- Diocese: Spokane
- Appointed: March 12, 2015
- Installed: May 20, 2015
- Predecessor: Blase J. Cupich
- Previous post: Auxiliary Bishop of San José in California and Titular Bishop of Tabalta (2011-2015);

Orders
- Ordination: May 9, 1987 by John Raphael Quinn
- Consecration: May 25, 2011 by Patrick Joseph McGrath, George Hugh Niederauer, and George Leo Thomas

Personal details
- Born: April 30, 1960 (age 66) San Francisco, California
- Denomination: Roman Catholic
- Alma mater: University of San Francisco (B.A., 1982) Saint Patrick Seminary (M.Div., 1987) Boston College (M.Ed., 1996).
- Motto: Into your hands Lord

= Thomas Anthony Daly =

American Roman Catholic bishop

Thomas Anthony Daly (born April 30, 1960) is an American prelate of the Roman Catholic Church. He has been serving as bishop of the Diocese of Spokane in Washington State since May 20, 2015. He previously served as an auxiliary bishop of the Diocese of San José in California from 2011 to 2015.

==Biography==
===Early life===
Thomas Daly was born on April 30, 1960, in San Francisco, California. After graduating from high school, Daly entered the University of San Francisco, where he received a Bachelor of Arts in 1982.

Having decided to become a priest, Daly enrolled in St. Patrick's Seminary and University in Menlo Park, California. In 1987, he received a Master of Divinity degree from St. Patrick.

===Priesthood===
Daly was ordained to the priesthood at the Cathedral of Saint Mary of the Assumption in San Francisco by Archbishop John Quinn for the Archdiocese of San Francisco on May 9, 1987. The archdiocese assigned Daly as parochial vicar of Our Lady of Loretto Parish in Novato, California, and as teacher and campus minister at Marin Catholic High School in Kentfield, California.

Daly left Our Lady of Loretto in 1992, but continued working at Marin High School for the next 11 years. Daly left Our Lady in 1992, Daly began serving in 1995 as part-time chaplain to the San Francisco Police Department and as pastor of Saint Cecilia Parish in San Francisco.

Daly traveled to Boston in 1995 to attend Boston College.

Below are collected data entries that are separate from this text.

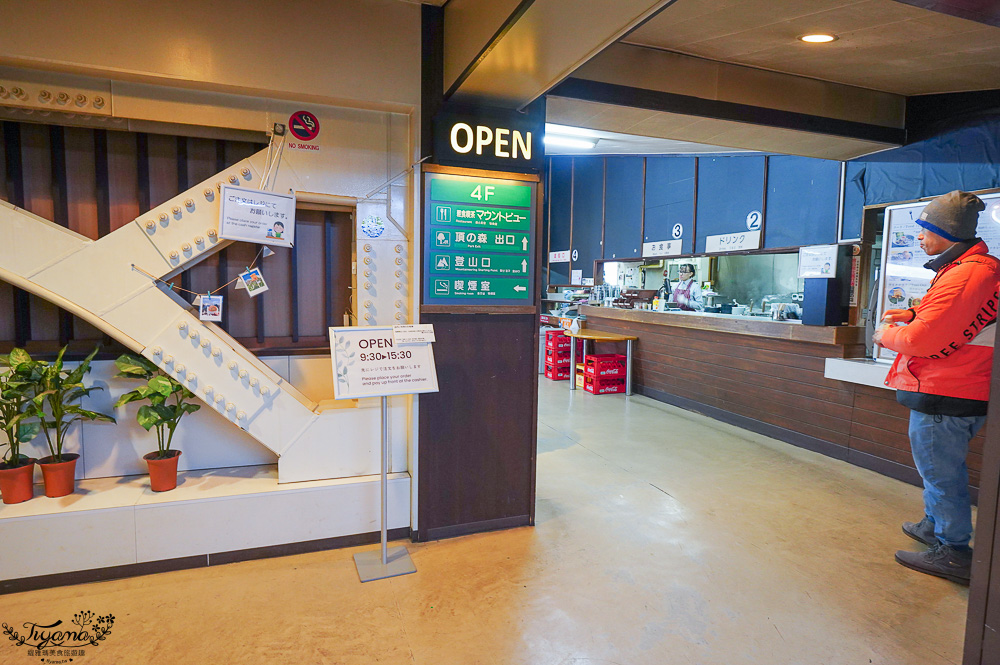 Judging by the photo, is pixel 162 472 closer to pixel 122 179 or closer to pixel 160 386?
pixel 160 386

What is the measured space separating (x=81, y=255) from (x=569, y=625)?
9.65 ft

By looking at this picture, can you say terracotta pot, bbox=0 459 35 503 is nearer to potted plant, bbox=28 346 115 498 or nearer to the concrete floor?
potted plant, bbox=28 346 115 498

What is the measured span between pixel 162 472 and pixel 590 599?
231 centimetres

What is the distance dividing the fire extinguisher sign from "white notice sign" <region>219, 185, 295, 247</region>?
29 centimetres

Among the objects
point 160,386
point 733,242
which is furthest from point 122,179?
point 733,242

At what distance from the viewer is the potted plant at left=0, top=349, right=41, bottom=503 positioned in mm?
2650

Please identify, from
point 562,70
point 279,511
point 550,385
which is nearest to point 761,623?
point 279,511

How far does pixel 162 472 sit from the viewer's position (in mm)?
2879

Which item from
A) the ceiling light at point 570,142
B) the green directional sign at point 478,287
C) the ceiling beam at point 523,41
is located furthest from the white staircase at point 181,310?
the ceiling light at point 570,142

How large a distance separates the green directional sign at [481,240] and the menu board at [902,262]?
10.6ft

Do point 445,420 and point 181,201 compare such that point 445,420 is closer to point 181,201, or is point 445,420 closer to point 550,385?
point 181,201

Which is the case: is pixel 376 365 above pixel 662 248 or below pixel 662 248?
below

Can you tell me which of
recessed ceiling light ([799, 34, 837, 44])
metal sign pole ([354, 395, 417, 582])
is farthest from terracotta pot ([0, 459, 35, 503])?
recessed ceiling light ([799, 34, 837, 44])

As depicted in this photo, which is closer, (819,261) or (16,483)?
(16,483) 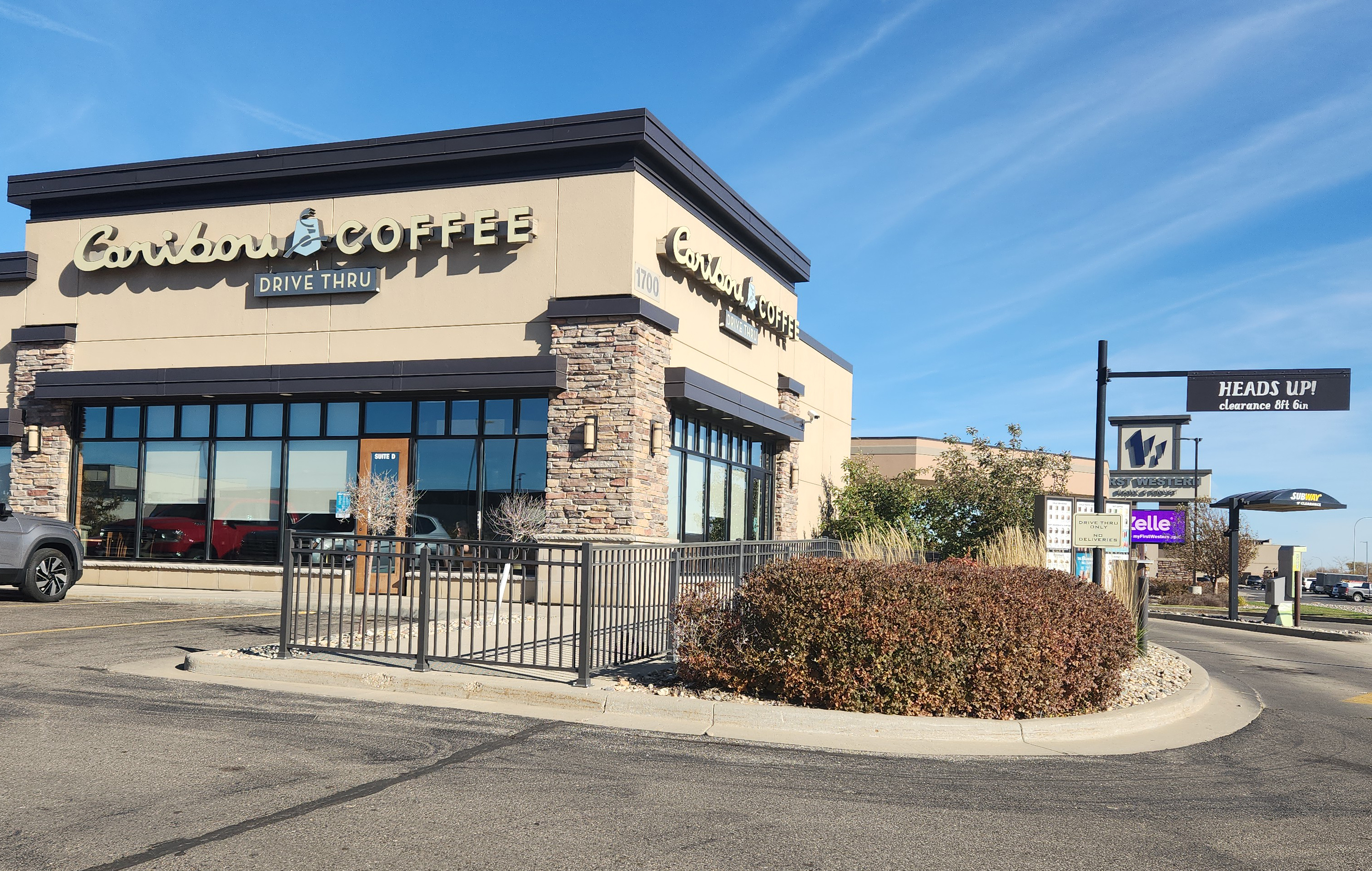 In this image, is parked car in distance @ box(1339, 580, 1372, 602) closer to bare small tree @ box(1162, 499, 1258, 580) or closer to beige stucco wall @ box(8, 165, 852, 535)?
bare small tree @ box(1162, 499, 1258, 580)

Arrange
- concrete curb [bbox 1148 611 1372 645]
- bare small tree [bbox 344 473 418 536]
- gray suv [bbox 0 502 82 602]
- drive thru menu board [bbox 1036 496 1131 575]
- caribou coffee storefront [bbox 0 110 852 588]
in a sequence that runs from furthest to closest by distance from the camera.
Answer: concrete curb [bbox 1148 611 1372 645]
caribou coffee storefront [bbox 0 110 852 588]
bare small tree [bbox 344 473 418 536]
gray suv [bbox 0 502 82 602]
drive thru menu board [bbox 1036 496 1131 575]

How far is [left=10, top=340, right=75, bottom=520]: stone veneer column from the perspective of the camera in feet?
69.4

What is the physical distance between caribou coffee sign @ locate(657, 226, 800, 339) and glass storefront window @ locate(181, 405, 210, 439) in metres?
9.66

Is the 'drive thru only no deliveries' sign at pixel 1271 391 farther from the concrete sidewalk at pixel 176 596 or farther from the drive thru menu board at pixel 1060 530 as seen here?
the concrete sidewalk at pixel 176 596

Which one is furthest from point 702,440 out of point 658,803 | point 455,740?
point 658,803

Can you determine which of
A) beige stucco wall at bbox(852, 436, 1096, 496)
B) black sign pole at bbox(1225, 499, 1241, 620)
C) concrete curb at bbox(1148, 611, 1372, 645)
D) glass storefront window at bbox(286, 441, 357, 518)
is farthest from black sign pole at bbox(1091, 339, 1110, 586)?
beige stucco wall at bbox(852, 436, 1096, 496)

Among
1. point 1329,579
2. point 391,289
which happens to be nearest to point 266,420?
point 391,289

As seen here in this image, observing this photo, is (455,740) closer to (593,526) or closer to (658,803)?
(658,803)

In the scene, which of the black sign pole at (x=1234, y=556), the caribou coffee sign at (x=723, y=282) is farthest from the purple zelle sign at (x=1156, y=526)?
the caribou coffee sign at (x=723, y=282)

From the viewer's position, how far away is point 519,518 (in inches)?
694

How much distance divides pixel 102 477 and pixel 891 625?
60.7 ft

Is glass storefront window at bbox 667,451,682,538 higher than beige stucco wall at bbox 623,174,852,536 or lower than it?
lower

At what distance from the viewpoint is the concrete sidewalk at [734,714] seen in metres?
8.30

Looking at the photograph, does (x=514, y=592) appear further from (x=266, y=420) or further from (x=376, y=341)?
(x=266, y=420) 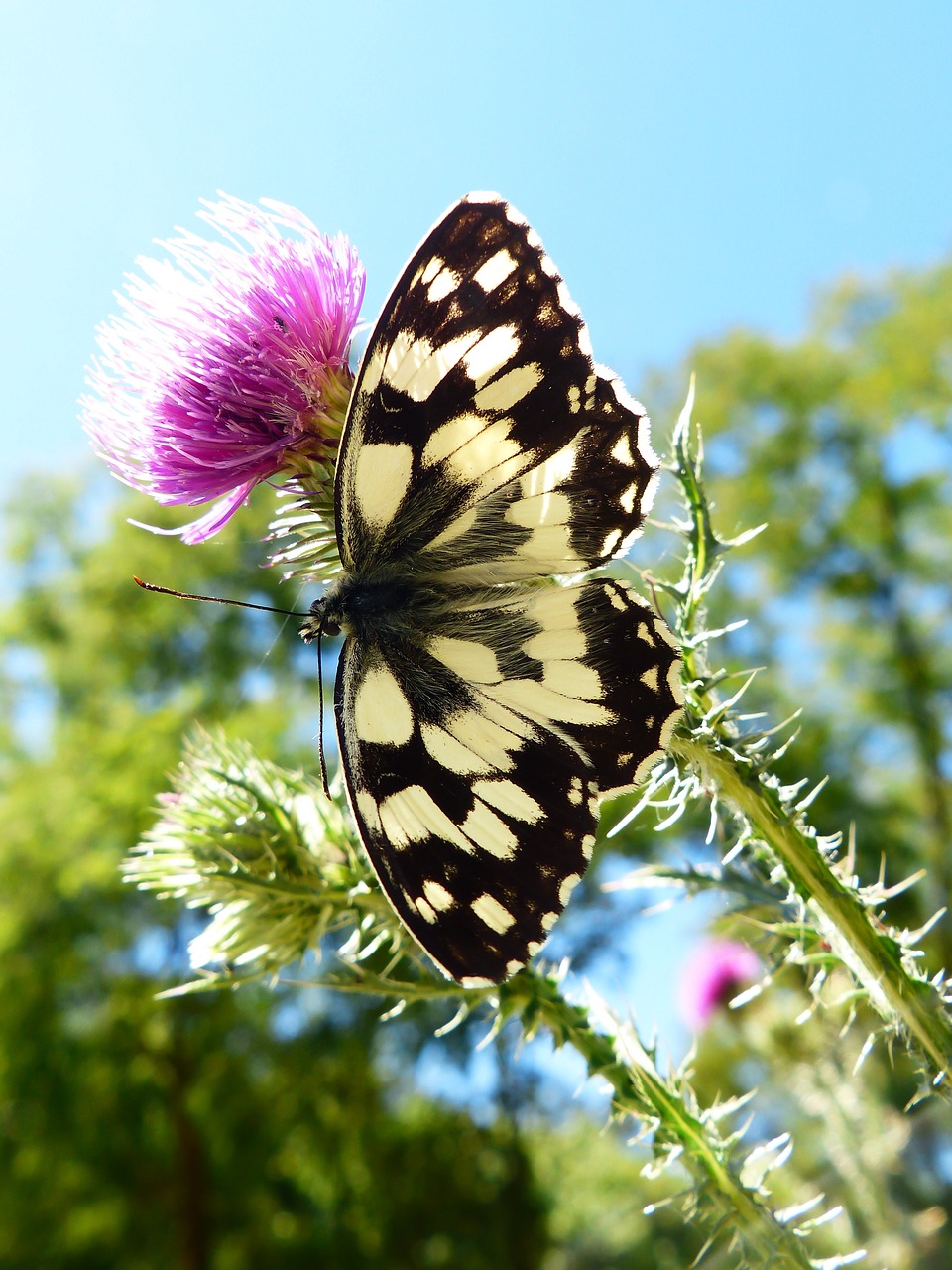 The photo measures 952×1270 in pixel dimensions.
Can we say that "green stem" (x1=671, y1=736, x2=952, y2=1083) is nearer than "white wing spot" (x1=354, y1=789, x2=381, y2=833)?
Yes

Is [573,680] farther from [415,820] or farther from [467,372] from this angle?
[467,372]

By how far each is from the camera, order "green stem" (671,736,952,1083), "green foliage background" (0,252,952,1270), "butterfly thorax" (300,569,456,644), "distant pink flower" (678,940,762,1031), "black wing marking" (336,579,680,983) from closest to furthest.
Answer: "green stem" (671,736,952,1083) → "black wing marking" (336,579,680,983) → "butterfly thorax" (300,569,456,644) → "distant pink flower" (678,940,762,1031) → "green foliage background" (0,252,952,1270)

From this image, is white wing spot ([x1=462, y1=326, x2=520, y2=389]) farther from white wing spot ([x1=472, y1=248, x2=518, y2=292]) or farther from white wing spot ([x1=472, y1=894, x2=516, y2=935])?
white wing spot ([x1=472, y1=894, x2=516, y2=935])

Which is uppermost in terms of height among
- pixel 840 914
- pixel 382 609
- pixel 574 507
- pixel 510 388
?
pixel 510 388

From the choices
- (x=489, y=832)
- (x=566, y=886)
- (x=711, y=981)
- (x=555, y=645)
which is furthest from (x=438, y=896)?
(x=711, y=981)

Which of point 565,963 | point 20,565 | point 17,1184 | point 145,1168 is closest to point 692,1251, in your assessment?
point 145,1168

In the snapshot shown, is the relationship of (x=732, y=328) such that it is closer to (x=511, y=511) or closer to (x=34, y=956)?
(x=34, y=956)

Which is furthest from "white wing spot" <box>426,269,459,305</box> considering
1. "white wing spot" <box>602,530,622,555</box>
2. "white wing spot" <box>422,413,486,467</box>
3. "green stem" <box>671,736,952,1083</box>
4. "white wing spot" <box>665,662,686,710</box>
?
"green stem" <box>671,736,952,1083</box> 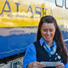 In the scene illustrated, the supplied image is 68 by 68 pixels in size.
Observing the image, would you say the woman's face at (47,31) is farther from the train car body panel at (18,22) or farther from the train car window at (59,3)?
the train car window at (59,3)

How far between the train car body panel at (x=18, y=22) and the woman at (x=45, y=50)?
0.77 m

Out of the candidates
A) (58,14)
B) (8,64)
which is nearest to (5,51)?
(8,64)

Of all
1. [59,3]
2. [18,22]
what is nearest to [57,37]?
[18,22]

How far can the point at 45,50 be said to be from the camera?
1.48m

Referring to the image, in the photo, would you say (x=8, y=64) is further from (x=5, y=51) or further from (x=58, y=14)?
(x=58, y=14)

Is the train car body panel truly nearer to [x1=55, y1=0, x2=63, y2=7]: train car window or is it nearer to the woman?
[x1=55, y1=0, x2=63, y2=7]: train car window

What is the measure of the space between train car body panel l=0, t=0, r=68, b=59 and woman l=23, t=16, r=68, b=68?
30.2 inches

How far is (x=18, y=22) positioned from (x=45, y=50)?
1.12 meters

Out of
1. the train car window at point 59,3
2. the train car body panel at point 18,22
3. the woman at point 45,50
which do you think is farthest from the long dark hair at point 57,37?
the train car window at point 59,3

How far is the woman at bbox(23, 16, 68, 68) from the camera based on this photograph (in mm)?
1439

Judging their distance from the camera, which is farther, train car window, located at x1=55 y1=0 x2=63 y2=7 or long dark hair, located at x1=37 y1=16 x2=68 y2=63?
train car window, located at x1=55 y1=0 x2=63 y2=7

He was awarded a Master of Education degree in 1997. After returning to San Francisco, was appointed to St. Vincent's in San Rafael and the Associate Director of the Catholic Youth Organization (CYO) and resumed his role at Marin Catholic High School. Archbishop William Levada named Daly as Vocations Director for the Archdiocese in 2002 and President of Marin Catholic High School in 2003.

===Auxiliary Bishop of San Jose===
Daly was named auxiliary bishop of San Jose and titular bishop of Tabalta by Pope Benedict XVI on March 16, 2011. He was consecrated bishop on May 25, 2011, at the Cathedral Basilica of Saint Joseph in San Jose by Bishop Patrick McGrath, with Archbishop George Niederauer and Bishop George Thomas acting as co-consecrators.

On September 16, 2013, Archbishop Salvatore Cordileone named Daly as the interim president/rector of the archdiocesan seminary. Daly was the first rector of the seminary who did not belong to Society of St. Sulpice.

===Bishop of Spokane===
On March 12, 2015, Daly was appointed by Pope Francis as bishop of Spokane. Daly was installed on May 20, 2015.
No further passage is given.